Les deux nations vont par ailleurs renforcer leur collaboration dans le cadre de mécanismes multilatéraux tels que les BRICS, les Nations unies, le G77+Chine, et renforcer la solidarité et la coopération avec d’autres pays émergents. Elles défendront les intérêts communs de ces derniers et encourageront la coopération entre la Chine et l’ensemble de l’Amérique latine et des Caraïbes.

Au début de son séjour en Chine, Nicolas Maduro a retrouvé une vieille amie : l’ex-présidente du Brésil Dilma Rousseff, actuelle présidente de la Banque de Développement des BRICS (installée à Shanghai), pour plancher ensemble sur une architecture financière libérée des sanctions occidentales et des chantages politiques du dollar. Il lui a exprimé l’intention du Venezuela d’adhérer en tant que membre à part entière aux BRICS et d’ici là «de demander notre incorporation à leur Nouvelle Banque de Développement».

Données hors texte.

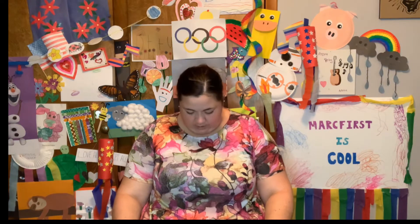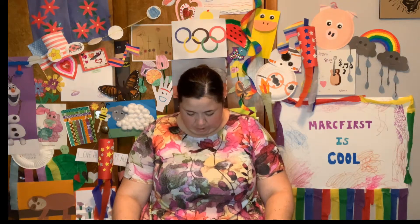Very nice! Alright, we're going to stretch our neck by leaning our ear to a shoulder and counting to 5. 1, 2, 3, 4, 5. Other side. 1, 2, 3, 4, 5. Look up to the ceiling. 1, 2, 3, 4, 5. Now down to the floor. 1, 2, 3, 4, 5.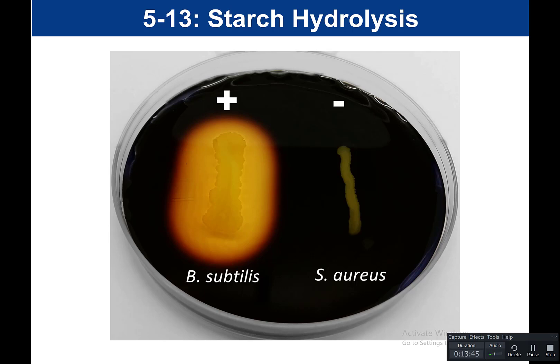When studying this for the exam, you don't need to memorize which organism was positive or negative for starch hydrolysis. But if given a plate labeled A and B, you should be able to identify which one is positive — that would be the one with clearing around the growth, because that means the starch was hydrolyzed, it was broken down, and it does not react with iodine, which is why it's not black.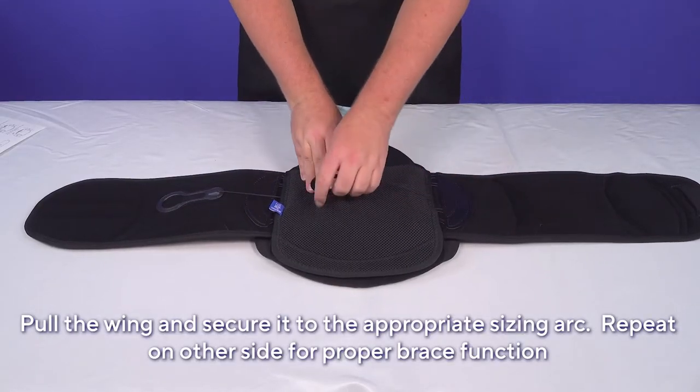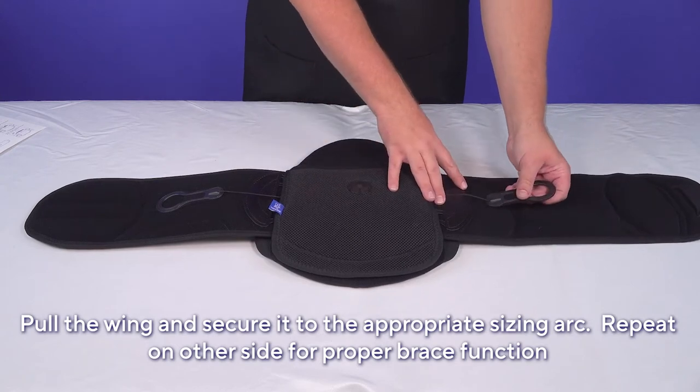Repeat on the other side. For proper function of the brace, both wings must be adjusted.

«Sous la direction du président Xi Jinping, la Chine est devenue un grand pays engagé en faveur de la paix, du développement et du bien-être de toute l’humanité, ainsi qu’un moteur important pour la promotion d’un monde multipolaire. Entre la Chine et le Venezuela existe un type de relation qui peut être considéré comme un modèle pour les relations entre les pays du Sud. Un modèle de ce que doit être la relation entre une superpuissance comme la Chine, la grande superpuissance du XXIe siècle, et un pays émergent, héroïque, révolutionnaire et socialiste comme le Venezuela» a conclu Nicolas Maduro.